UBI has always empowered disciples of Christ to serve in bigger and better ways. This has been true in the classroom as we teach faithful men and women to know God's word better, and it has been true in the field as our graduates serve their local congregations and communities. This year has been a year of empowering ministers and churches to serve their local families and love their neighbors in some of the biggest ways we've ever seen.
Thanks to the donations of brothers and sisters around the world, UBI has been able to provide unprecedented resources to the churches around Ukraine and to Ukrainians now scattered around Europe. The passion and endurance of the Ukrainian Christians has served as a strong example to the world about what faith looks like during dark times.
The help has taken many forms. We are proud of our students and graduates who have offered their homes, their cars, and often their safety in order to help their neighbors. Through the work of our staff, students, and alumni, we have been able to empower others to start and maintain ministries in dozens of places. Christians are providing heat, blankets, food, rides, hugs, prayers, and worship.

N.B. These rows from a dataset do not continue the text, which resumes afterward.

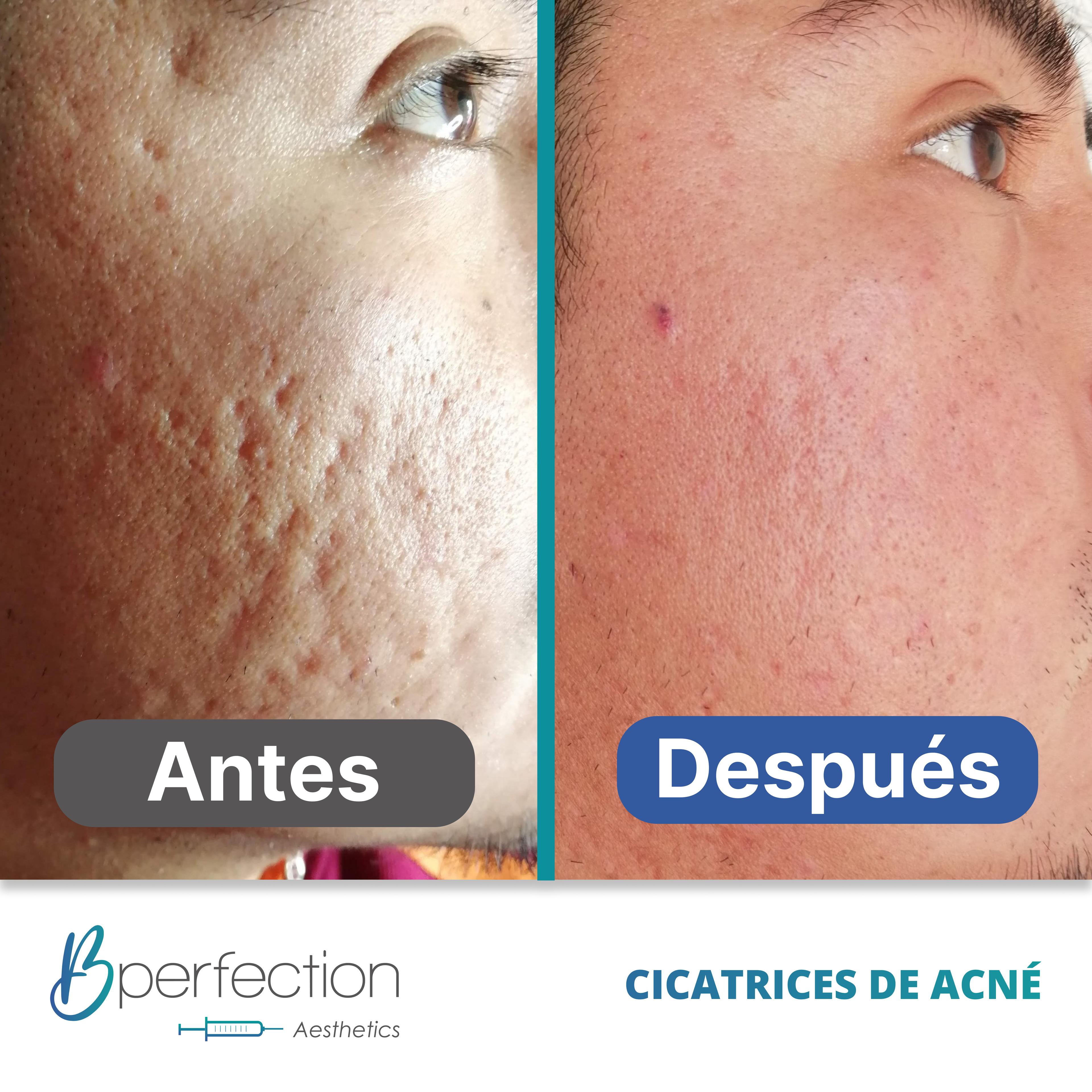 Resultado Cicatriz 4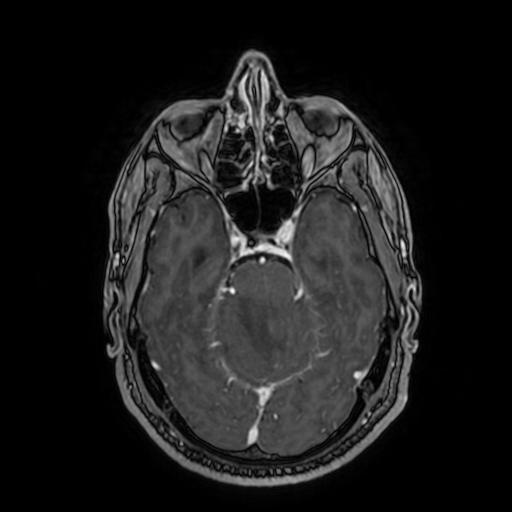 File:Cerebellar hemangioblastoma (Radiopaedia 88055-104622 Axial T1 C+ 69).jpg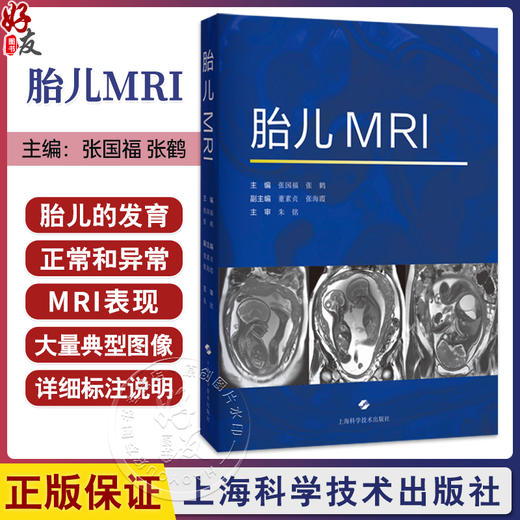 胎儿MRI 张国福 张鹤 主编 本书对从事胎儿磁共振的影像科医师和新生儿医师、产科医师都有帮助 9787547873083 上海科学技术出版社 商品图0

One such ministry flows through the Poznyaki Church of Christ, where they deliver food and other supplies regularly to over 30 different locations, including churches, hospitals, and to soldiers serving on the front lines. The hours of planning, purchasing and deliveries is innumerable, and yet these Christians work tirelessly through blackouts and air raid alarms and military escorts. And through this network we are able to get support to other ministers and churches who are then creating their own ministries. The work of UBI continues.
One year in, you might say Ukrainian Christians are afflicted in every way, but not crushed; perplexed, but not driven to despair; persecuted, but not forsaken; struck down, but not destroyed; always carrying in the body the death of Jesus, so that the life of Jesus may also be manifested in their bodies. For they who live are always being given over to death for Jesus’ sake, so that the life of Jesus also may be manifested in their mortal flesh.
It is a great honor to have a front row seat to some of the most beautiful work in the kingdom. To all those who have given to the spiritual and physical relief work over this last year, thank you. Thank you for trusting us to get your funds where they need to go. To all our Ukrainian partners who continually offer their bodies as living sacrifices, we thank you for being the beautiful feet who are bringing the Good News.
May God bless us all with the endurance to keep the faith until our dying breaths. Not for our sake, but for His.
—Brandon Price
”…that you may be blameless and innocent, children of God without blemish in the midst of a crooked and twisted generation, among whom you shine as lights in the world” (Phil. 2:15).